After telling advertisers who fled X (f.k.a. Twitter) — over a tweet so abhorrent and anti-semitic that the White House condemned it — to “go fuck themselves,” X CEO Elon Musk has apologized, changed the way he’s posted on X, and won back all the business he’s lost and then some is now attempting to sue those very same advertisers. Couldn’t make it up if we tried.
Less than a year ago, in November 2023, Elon Musk was on stage at the Dealbook summit, in conversation with Dealbook founder — and perhaps America’s preeminent financial journalist — Andrew Ross Sorkin, apologizing for tweeting about a racist conspiracy as “the actual truth,” a tweet that caused advertisers to flee X en masse. Over the course of this apology, he called Andrew Ross Sorkin “Jonathan,” gave Disney CEO Bob Iger the middle finger, and then sent advertisers who opted out of spending money a very clear message. As a reminder, the exact exchange, beginning with Sorkin referring to the offending tweet:
Sorkin: This had been said online, there was all of the criticism, there were advertisers leaving, we talked to Bob Iger—
Musk: I hope they stop.
Sorkin: You hope they—?
Musk: Don’t advertise.
Sorkin: You don’t want them to advertise?
Musk: No.
Sorkin: What do you mean?
Musk: If somebody’s gonna try to blackmail me with advertising? Blackmail me with money? Go fuck yourselves.
Sorkin: But….
Musk: Go. Fuck. Yourselves.
Since then, Elon’s been on a whiplash-inducing tour de force. In June, just two months ago, after X lost record revenues from the advertiser exodus, Musk admitted that he does “shoot [himself] in the foot from time to time,” and begged those same advertisers to come back. A month later, he publicly wished criminal prosecution upon them.
Now, less than a month after that, he’s attempting to sue those same advertisers. “We tried peace for 2 years, now it is war,” Musk tweeted, along with an open letter from X CEO Linda Yaccarino.

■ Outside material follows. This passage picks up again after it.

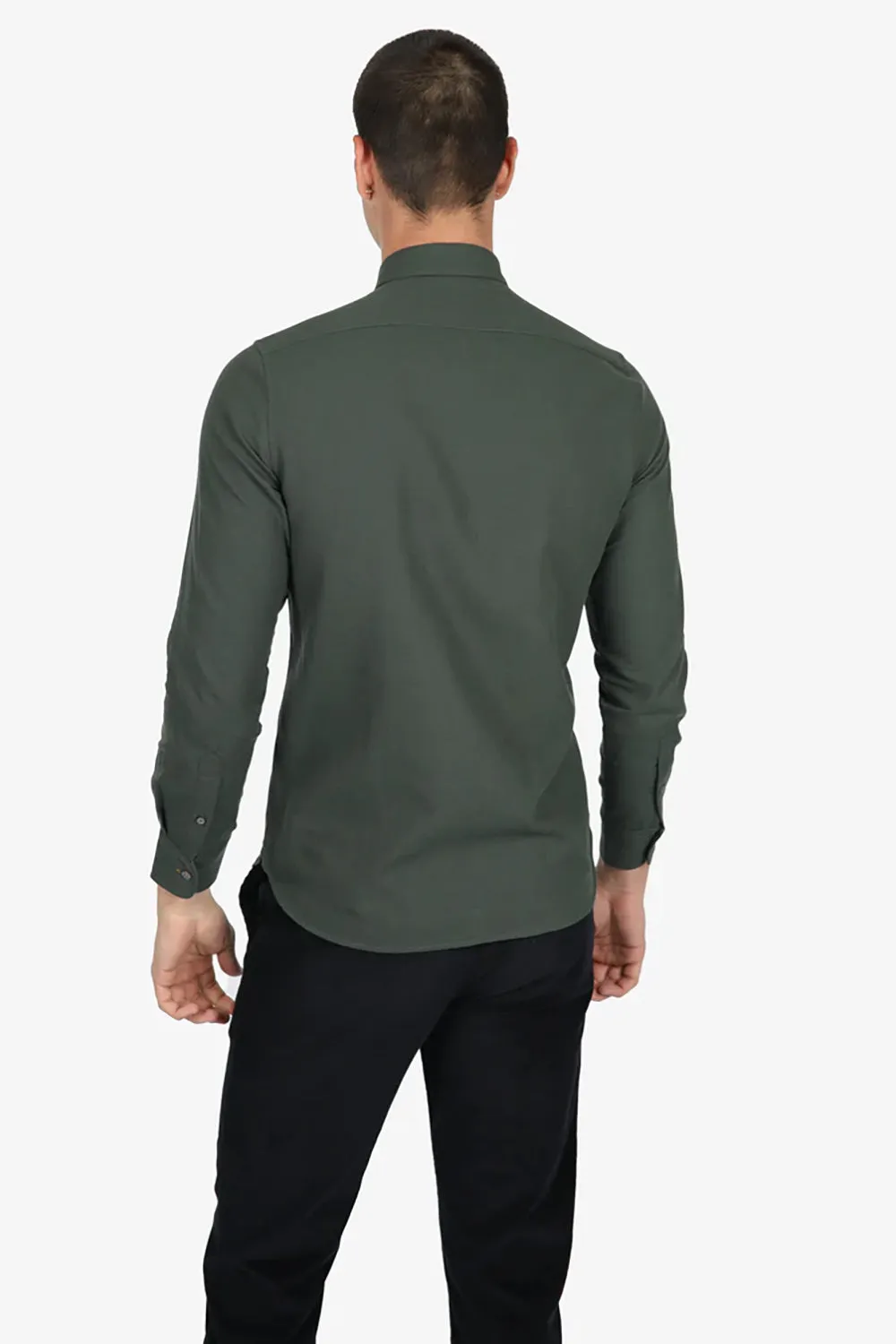 JAMES HARPER COTTON DIAMOND MARLE L/S SHIRT JHS525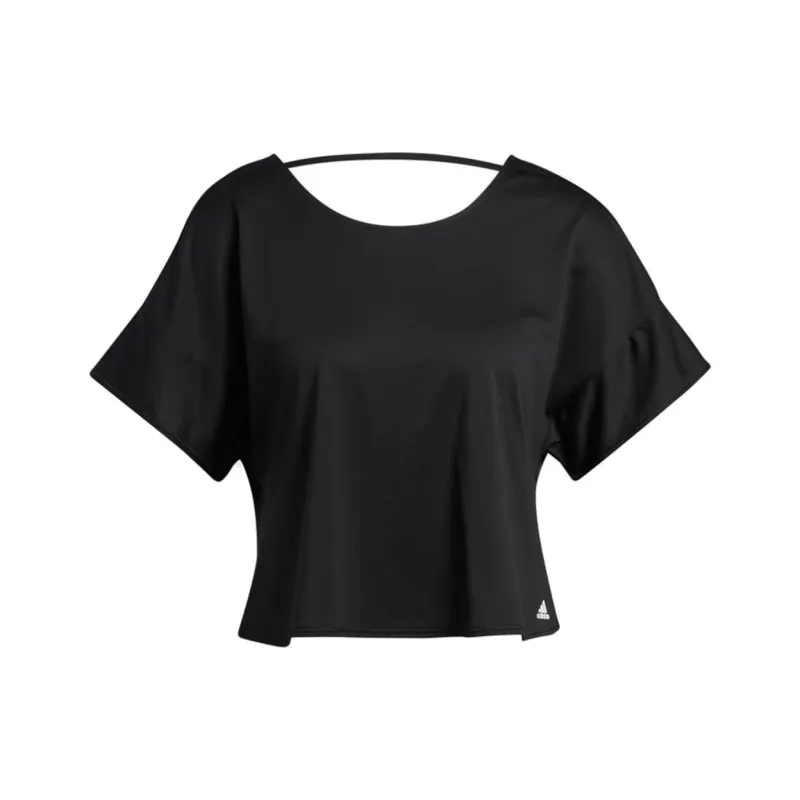 Adidas Crop Tops Women's Black-0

In the letter, titled “An open letter to advertisers,” Yaccarino writes that “After a career in media and advertising, I thought I had seen everything.” If you think the sentence that follows invokes the logic-defying extra-reality dimension that is having Elon Musk for a boss, try again:
Then I read the U.S. House of Representatives Judiciary Committee’s report entitled “GARM’s (Global Alliance for Responsible Media) Harm” last month. The report disclosed that their investigation had found evidence of an illegal boycott against many companies, including X… That is why, today, X has filed an antitrust lawsuit against the Global Alliance for Responsible Media (GARM), the World Federation of Advertisers (WFA), and GARM members CVS Health, Mars, Orsted and Unilever.
So, yeah: Here comes an antitrust lawsuit from Musk and Co. over a congressional report which, we should note, comes from (A) a Republican-backed initiative led by the (Musk-blind) Ohio Rep. Jim Jordan, which (B) targets the Global Alliance for Responsible Media, an initiative to create globalized advertising standards by the World Economic Forum, which (C) Musk himself oversaw X rejoining in July. That clearly didn’t do the trick as far as bringing advertisers back goes, so now he’s resorting to the great American tradition that is litigation. Just for good measure, he’s also encouraging any company that feels “systematically boycotted” to file lawsuits alleging racketeering.
We here at Futurism Dot Com are by no means antitrust lawsuit experts, but will take the moment to casually observe that trade coalitions exist in all kinds of industries, which set best practices and standards for those industries, in the interest of those industries — this, alone, is not monopolistic behavior.
To wit, a coalition of companies creating a list of platforms whose CEOs tweet about racist conspiracies and tell those same companies to “go fuck themselves,” and a list of companies whose CEOs don’t tweet racist conspiracies and tell those same companies to “go fuck themselves,” and suggesting that as a group, they may be better off with the latter over the former, doesn’t strike us non-antitrust-suit experts here at Futurism Dot Com as violating antitrust, free speech, and racketeering statutes, but again, we didn’t go to law school. Shout out to those who did, though: Lucky for you, the Elon Musks of the world — contemptuous, loaded, out of options — are gonna keep you all in business for a long, long time to come.